* YOUR GOAL *
Write out, word for word and with no pictures, each line below from the one containing "Funny Math Math" through the one containing "从银行借钱怎么做账2025年推荐,分享5个简单容易贷款软件", both included, and no other line.
/---
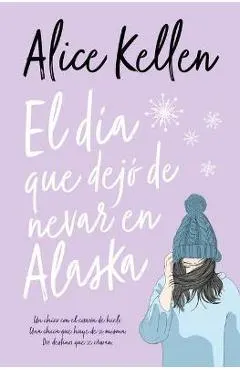 Dia Que Dejo de Nevar En Alaska, El -V2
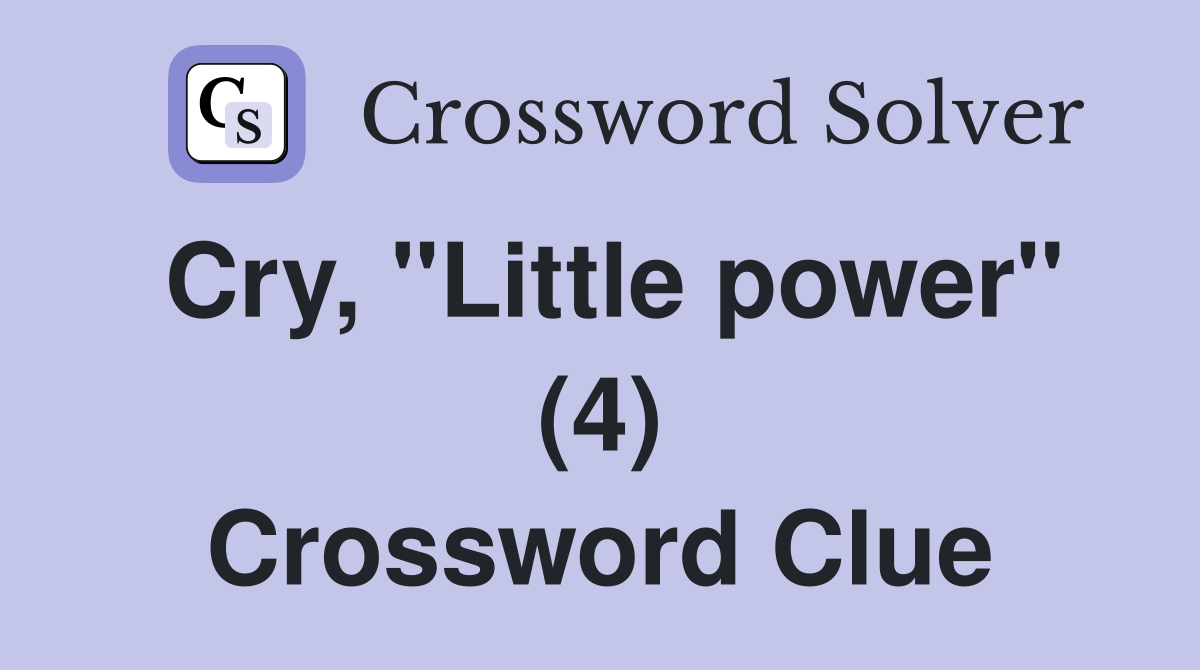 Cry, "Little power" (4) Crossword Clue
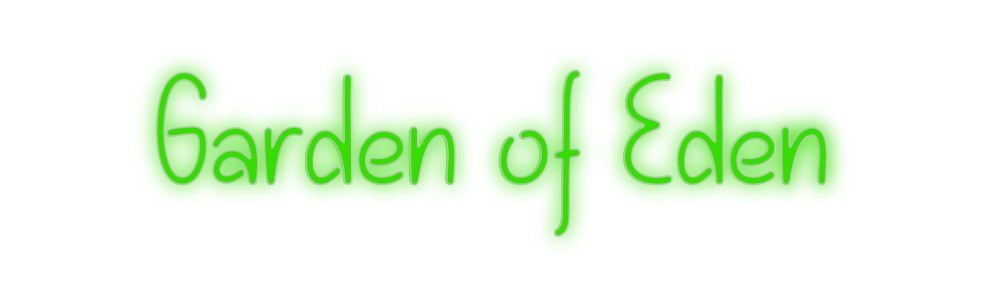 Custom Neon: Garden of Eden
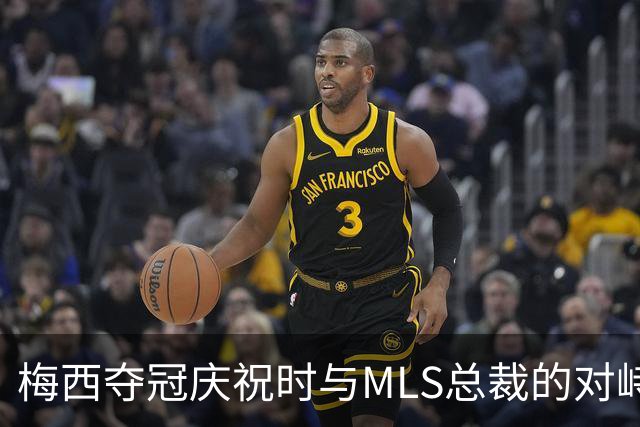 梅西夺冠庆祝时与MLS总裁的对峙瞬间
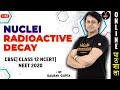Nuclei Introduction | Radioactive Decay | Class 12 Physics | NEET 2020 | NEET Physics | Gaurav sir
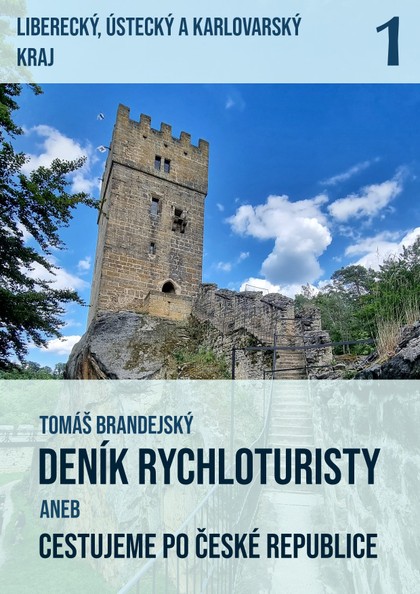 E-kniha Deník rychloturisty, 1. díl: Liberecký, Ústecký a Karlovarský kraj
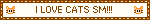 I LOVE CATS SM!!!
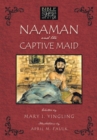 Image for Naaman and the Captive Maid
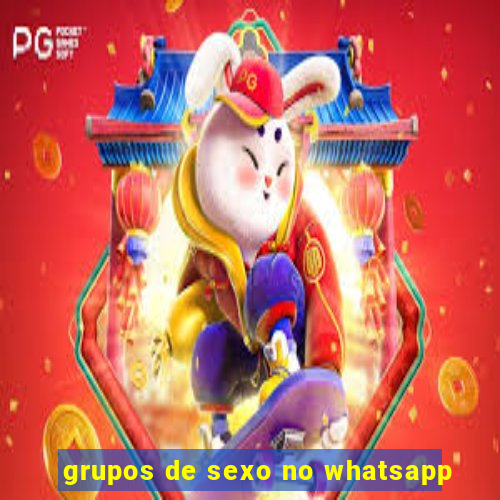 grupos de sexo no whatsapp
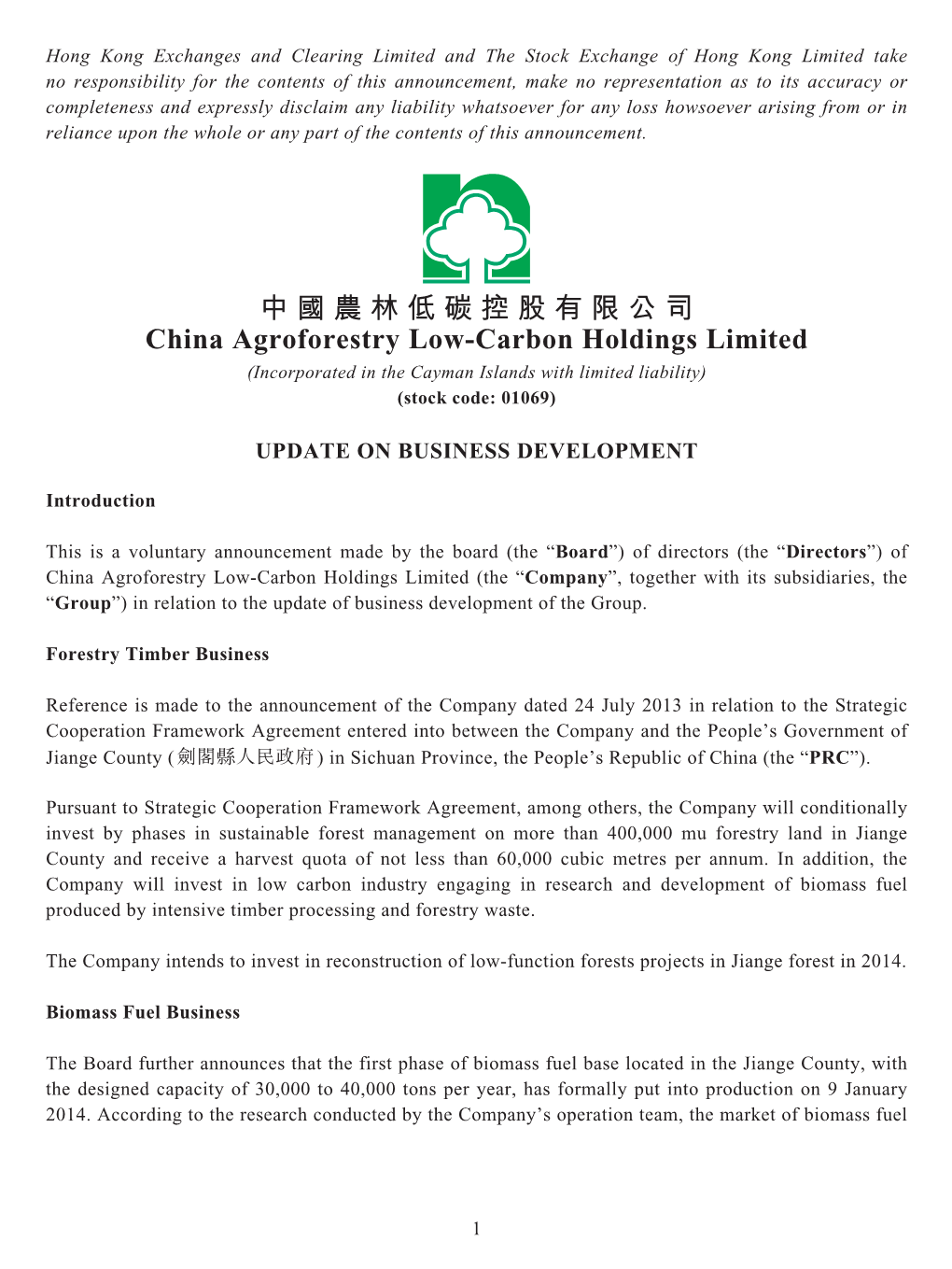 中國農林低碳控股有限公司 China Agroforestry Low-Carbon Holdings Limited (Incorporated in the Cayman Islands with Limited Liability) (Stock Code: 01069)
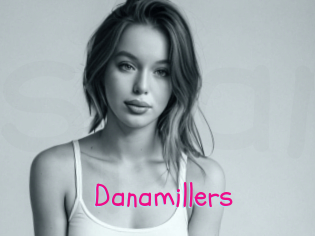 Danamillers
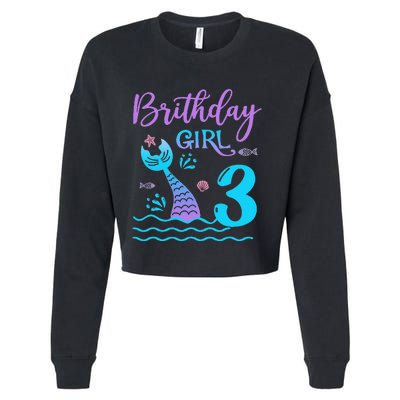 3 Year Old Gift Mermaid Tail 3rd Birthday Daughter Cropped Pullover Crew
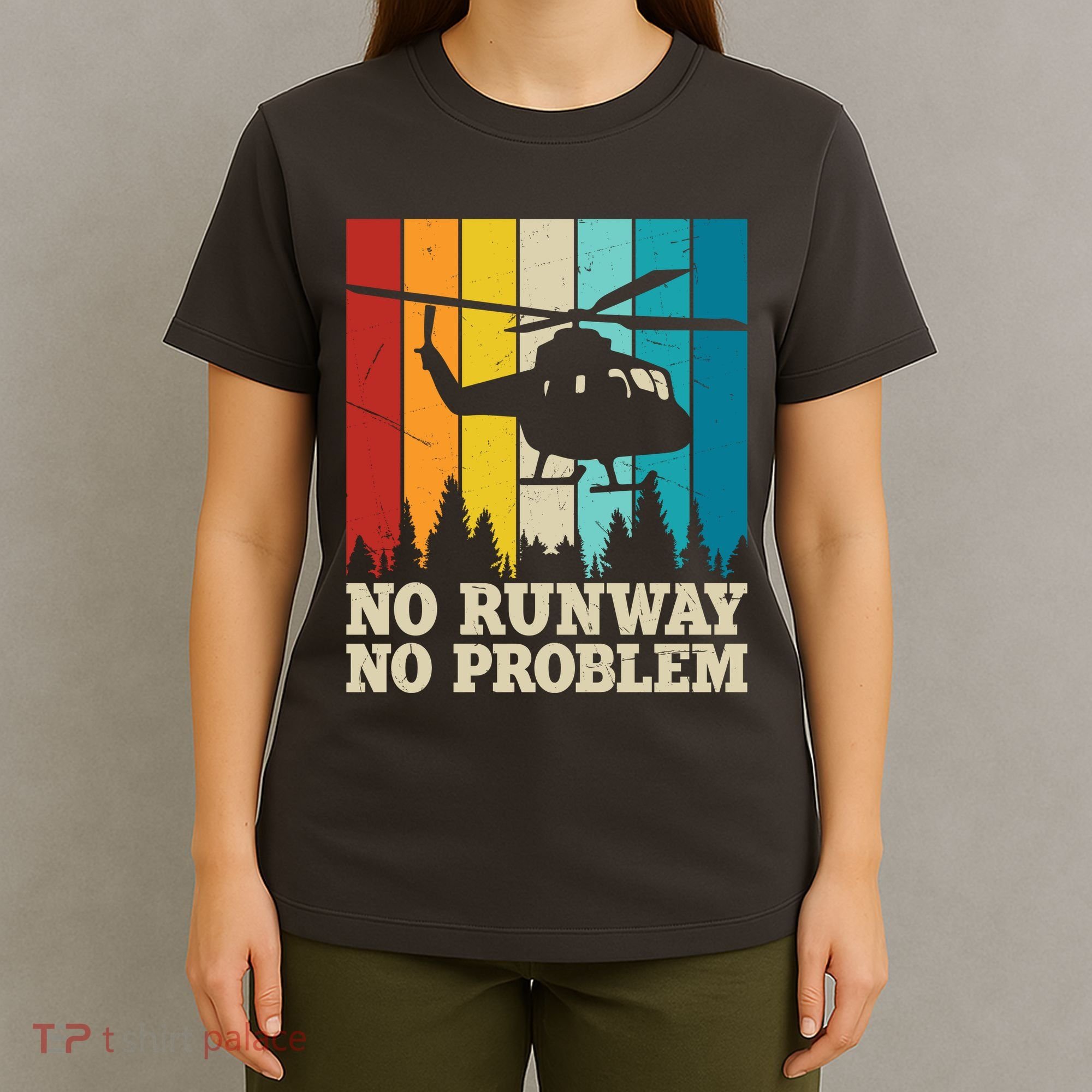 No Runway No Problem Helicopter Pilot T-Shirt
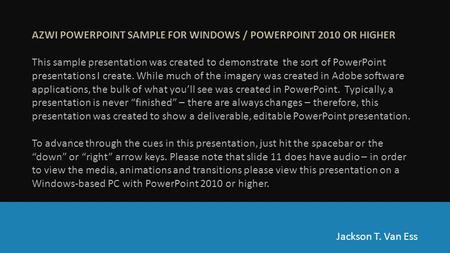 AZWI POWERPOINT SAMPLE FOR WINDOWS / POWERPOINT 2010 OR HIGHER This sample presentation was created to demonstrate the sort of PowerPoint presentations.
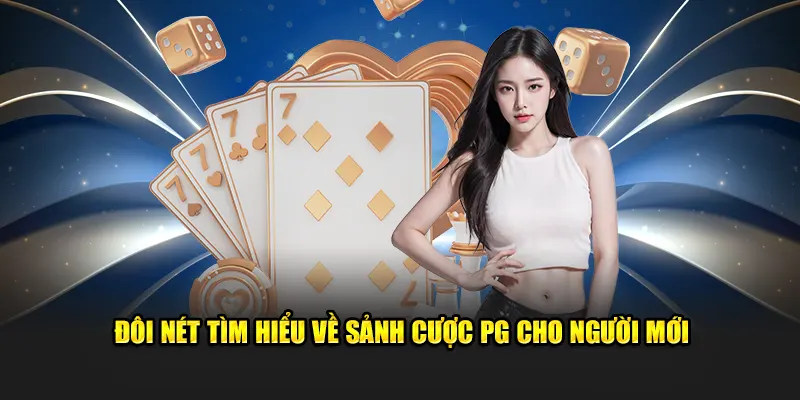 Đôi nét tìm hiểu về Sảnh game PG soft giải trí độc đáo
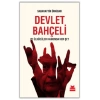 Devlet Bahçeli ve Ülkücüler Hakkında Her Şey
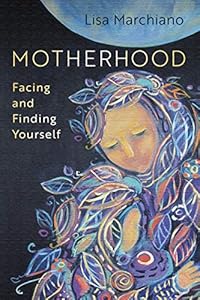 Motherhood: Facing and Finding Yourself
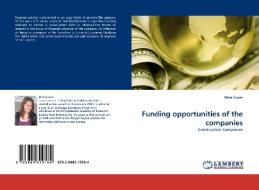 Funding opportunities of the companies di Stela Cucer edito da LAP Lambert Acad. Publ.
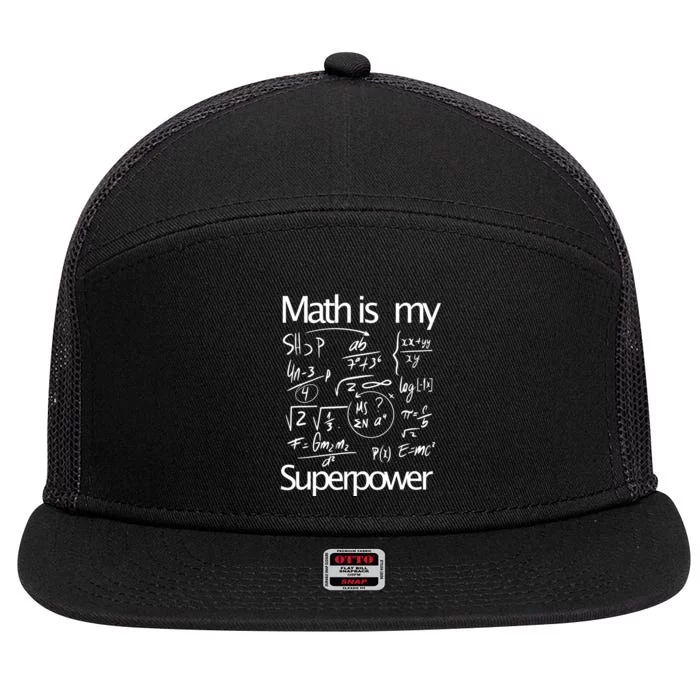 Funny Math Math Is My Superpower 7 Panel Mesh Trucker Snapback Hat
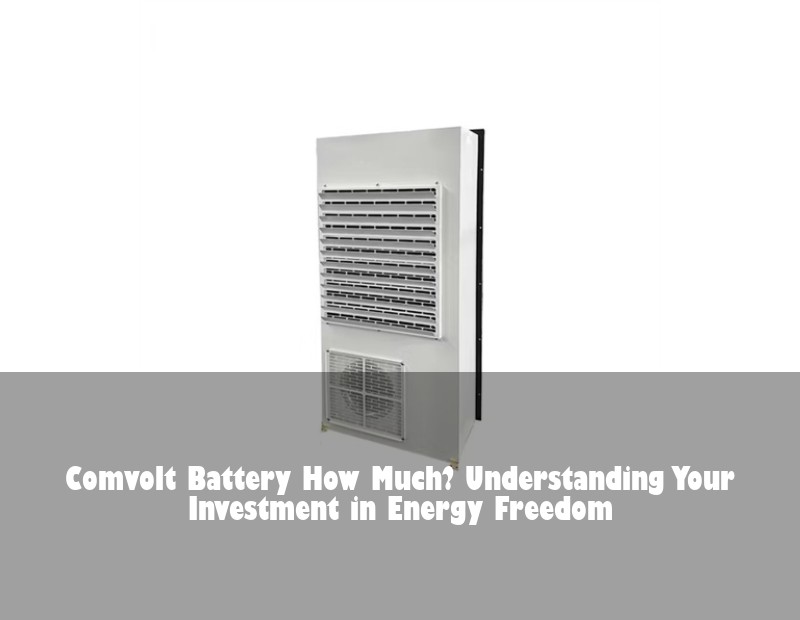 Comvolt Battery How Much? Understanding Your Investment in Energy Freedom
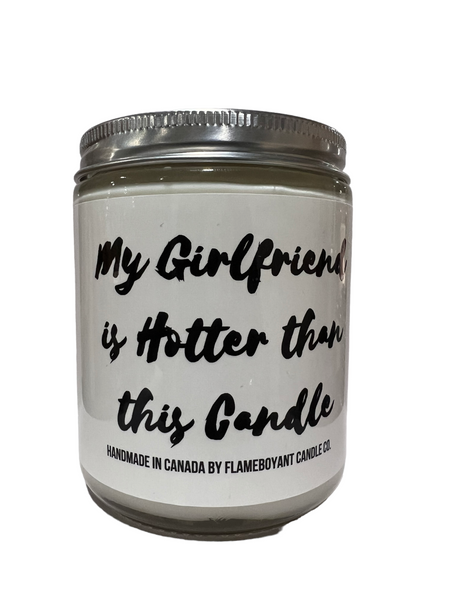 My girlfriend is hotter candle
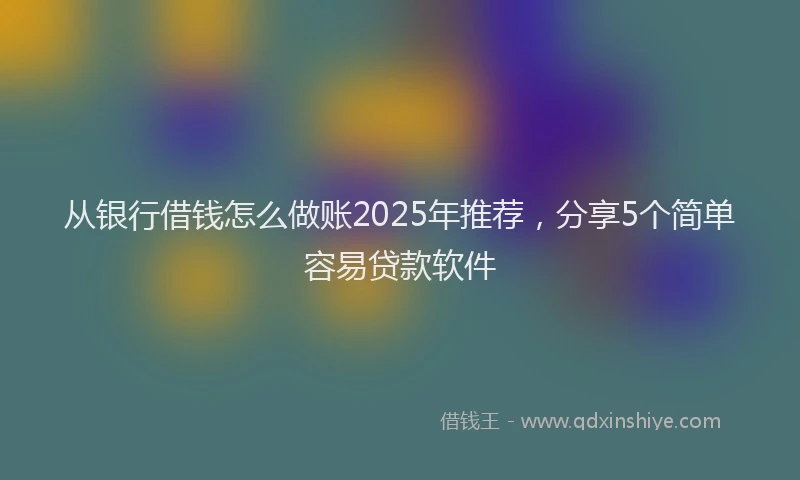 从银行借钱怎么做账2025年推荐,分享5个简单容易贷款软件
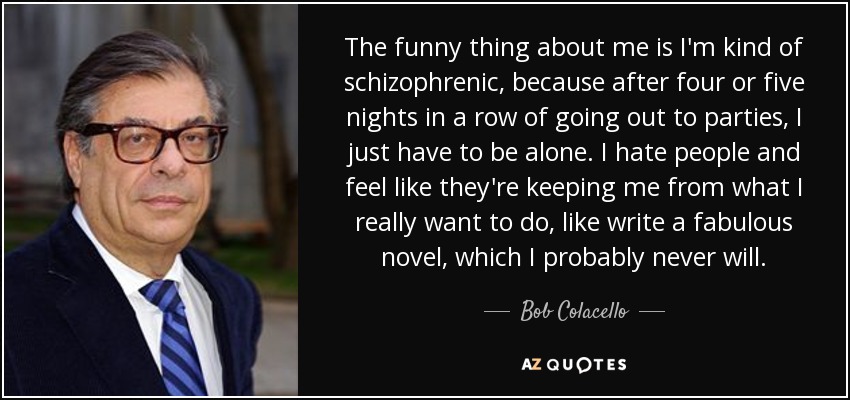The funny thing about me is I'm kind of schizophrenic, because after four or five nights in a row of going out to parties, I just have to be alone. I hate people and feel like they're keeping me from what I really want to do, like write a fabulous novel, which I probably never will. - Bob Colacello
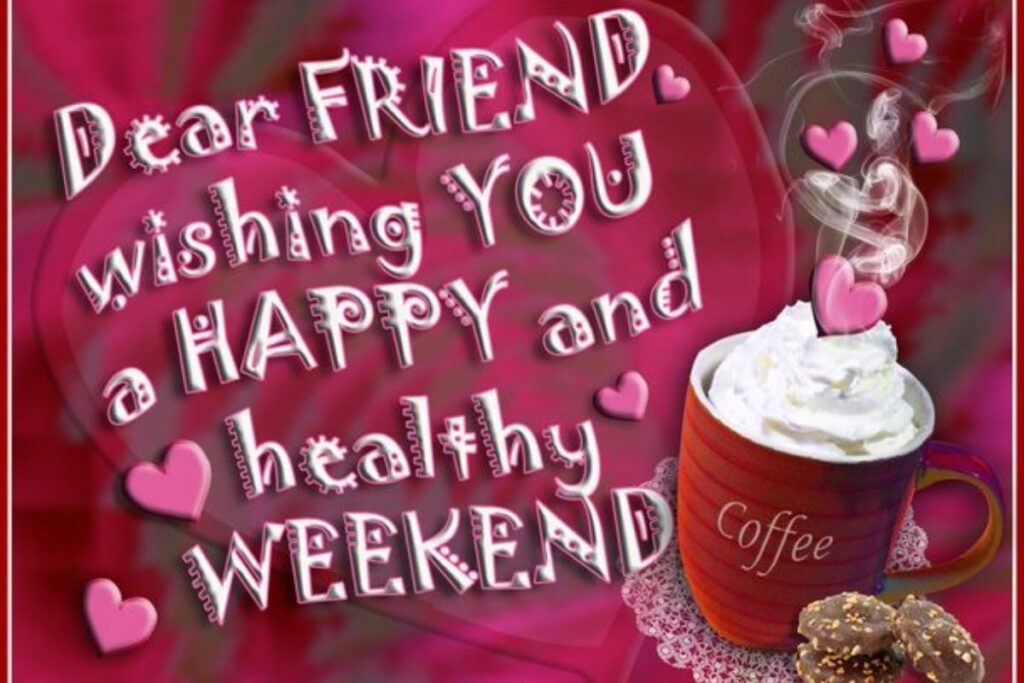 Happy Weekend Messages for Loved Ones (Friends)
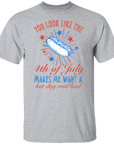 You Look Like the 4th of July Makes me Want a Hot Dog Real Bad T-shirt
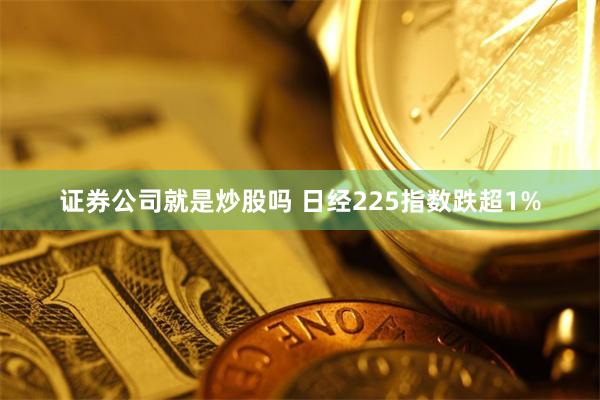 证券公司就是炒股吗 日经225指数跌超1%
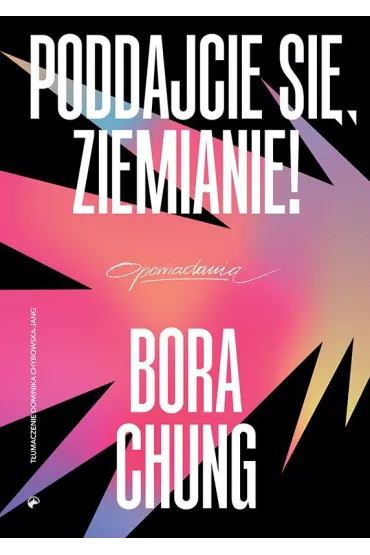Poddajcie si�, Ziemianie! - Bora Chung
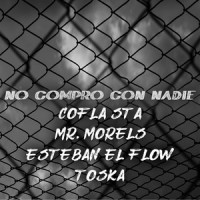 No Compro con Nadie_COFLA STA,Esteban el Flow,Mr. Morels,Toska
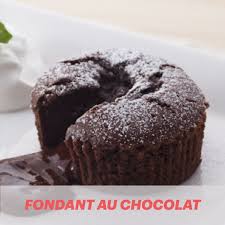 Realisez L Recette Fondant Au Chocolat Recette Dessert Recette De Diner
\---
* EXPECTED OUTPUT *
 Funny Math Math Is My Superpower 7 Panel Mesh Trucker Snapback Hat
 Comvolt Battery How Much? Understanding Your Investment in Energy Freedom
 My girlfriend is hotter candle
 从银行借钱怎么做账2025年推荐,分享5个简单容易贷款软件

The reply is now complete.